In the late seventies, large databases with individual life histories began to appear. One of the absolutely first was The Demographic Data Base (DDB) at Umeå University. I started working there as a researcher in 1980, and at that time the database contained individual data for seven Swedish parishes scattered all over the country. Statistical software for Cox regression (Cox 1972) did not exist at that time, so we began the development, with the handling of large data sets in mind, of Fortran programs for analyzing censored survival data. The starting point was Appendix 3 of Kalbfleisch & Prentice (1980). It contained“Fortran programs for the proportional hazards model.” The beginning of the eighties was also important because then the first text books on survival analysis began to appear.

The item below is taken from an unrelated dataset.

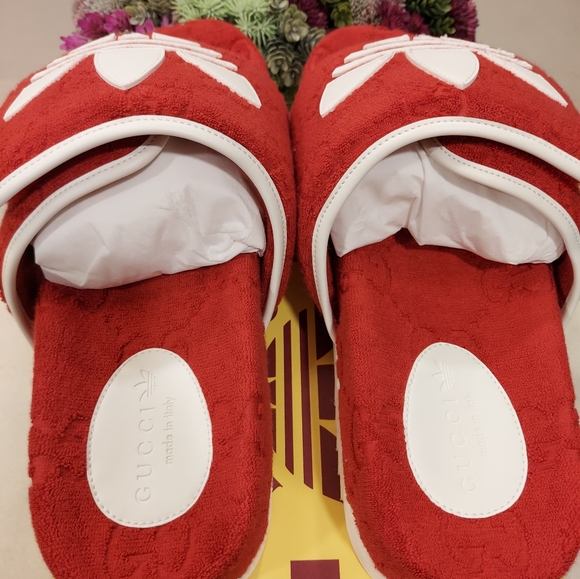 Gucci x Adidas Slides - Picture 7 of 8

Of special importance (for me) were the books by Kalbfleisch & Prentice (1980), and, four years later, Cox & Oakes (1984).

The time period covered by the DDB data is approximately the nineteenth century. Today the geographical content has been expanded to cover four large regions, with more than 60 parishes in all.

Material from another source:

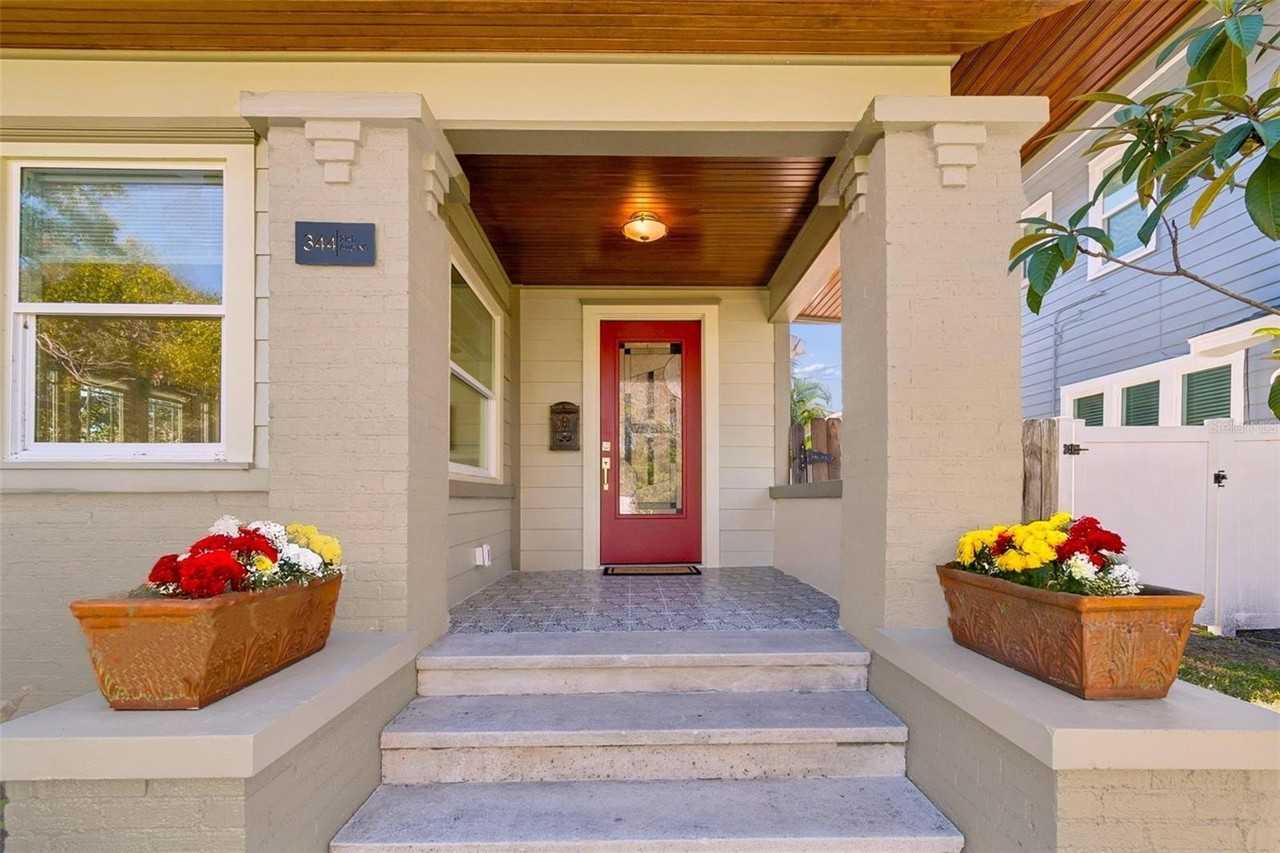 344 21st Ave Ne - Photo 4 of 50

This book is closely tied to the R Environment for Statistics and Computing (R Development Core Team 2011). This fact has one specific advantage: Software and this book can be totally synchronized, not only by adapting the book to the software, but also vice versa. This is possible because R and its packages are open source, and one of the survival analysis packages (Broström 2012) in R and this book have the author in common. The eha package contains some research results not found in other software (Broström & Lindkvist 2008, Broström 2002, Broström 1987). However, it is important to emphasize that the real workhorse in survival analysis in R is the recommended package survival by Terry Therneau (Therneau & original Splus to R port by T. Lumley 2011).

The mathematical and statistical theory underlying the content of this book is kept to a minimum; the main target audience is social science researchers and students who are interested in studying demographically oriented research questions. However, the apparent limitation to demographic applications in this book is not really a limitation, because the methods described here are equally useful whenever durations are of primary interest, for instance, in epidemiology and econometrics.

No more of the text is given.